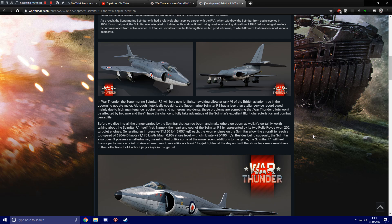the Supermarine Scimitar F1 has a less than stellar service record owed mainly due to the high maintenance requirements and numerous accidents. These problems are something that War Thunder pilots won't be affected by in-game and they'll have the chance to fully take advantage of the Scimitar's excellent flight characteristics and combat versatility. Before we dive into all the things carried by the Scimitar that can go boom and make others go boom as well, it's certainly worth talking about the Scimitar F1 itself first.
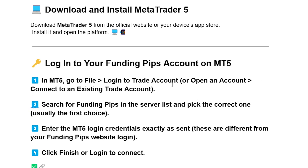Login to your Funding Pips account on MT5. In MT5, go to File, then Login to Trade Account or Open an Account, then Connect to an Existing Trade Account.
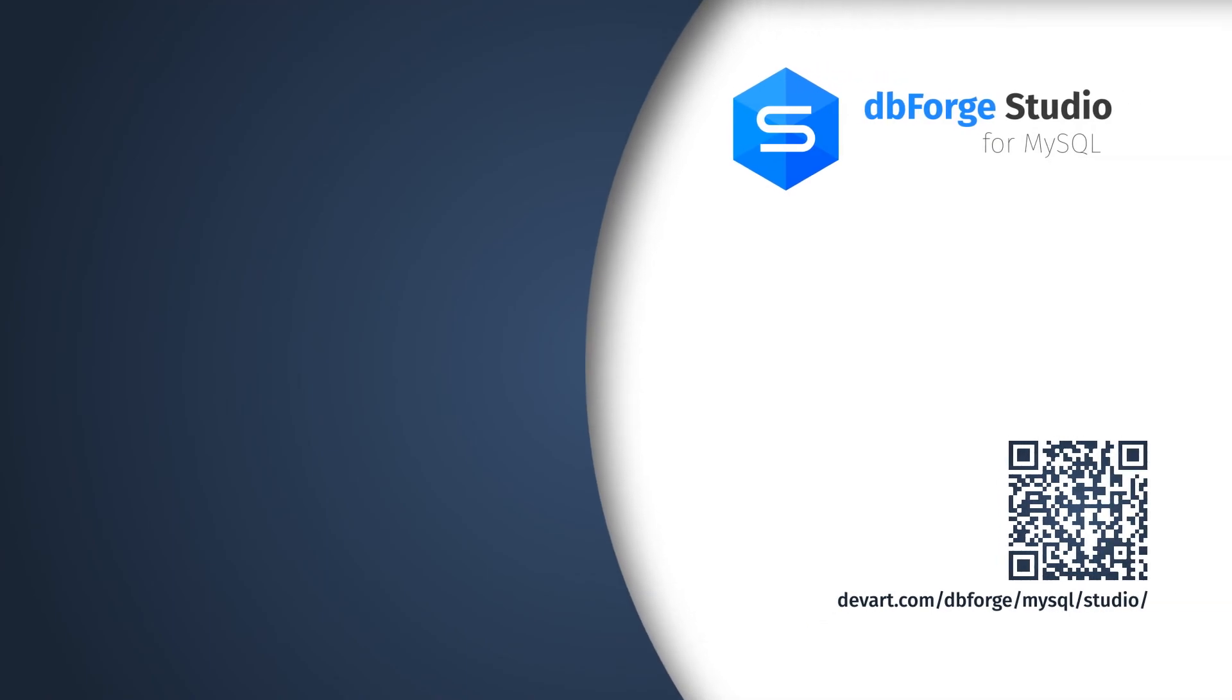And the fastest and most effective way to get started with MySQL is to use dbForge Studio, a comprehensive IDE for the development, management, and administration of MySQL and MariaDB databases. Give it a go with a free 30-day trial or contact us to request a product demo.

--

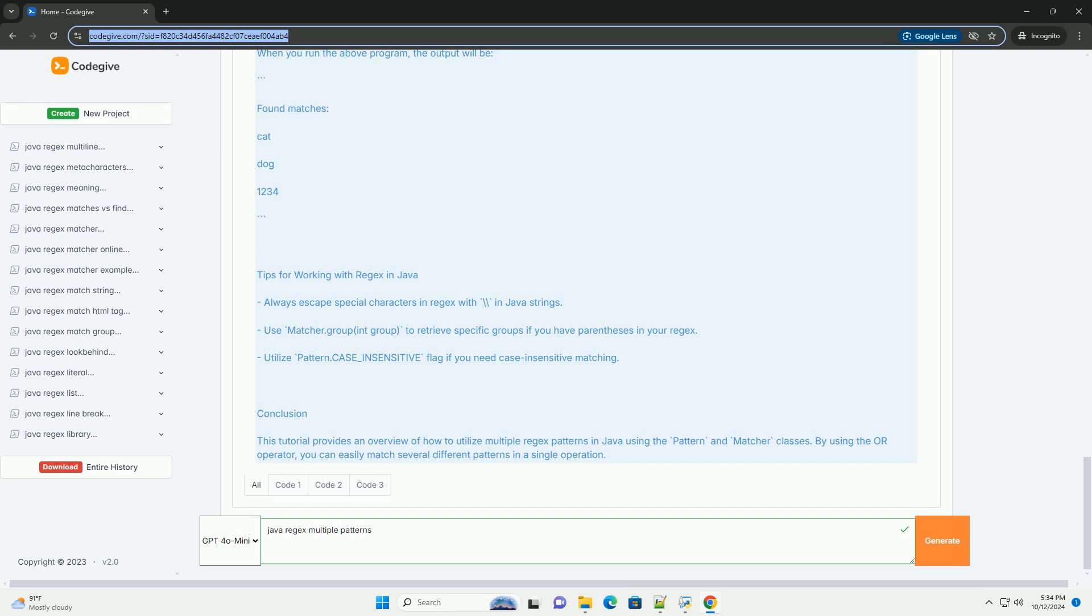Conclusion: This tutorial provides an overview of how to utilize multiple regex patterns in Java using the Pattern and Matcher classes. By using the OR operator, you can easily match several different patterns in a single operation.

EXERCISE REQUIREMENTS:
Above are the records; restate exactly the lines from the one containing "Login to your" through the one containing "And the fastest", keeping pictures out.

RESPONSE:
Login to your Funding Pips account on MT5. In MT5, go to File, then Login to Trade Account or Open an Account, then Connect to an Existing Trade Account.
And the fastest and most effective way to get started with MySQL is to use dbForge Studio, a comprehensive IDE for the development, management, and administration of MySQL and MariaDB databases. Give it a go with a free 30-day trial or contact us to request a product demo.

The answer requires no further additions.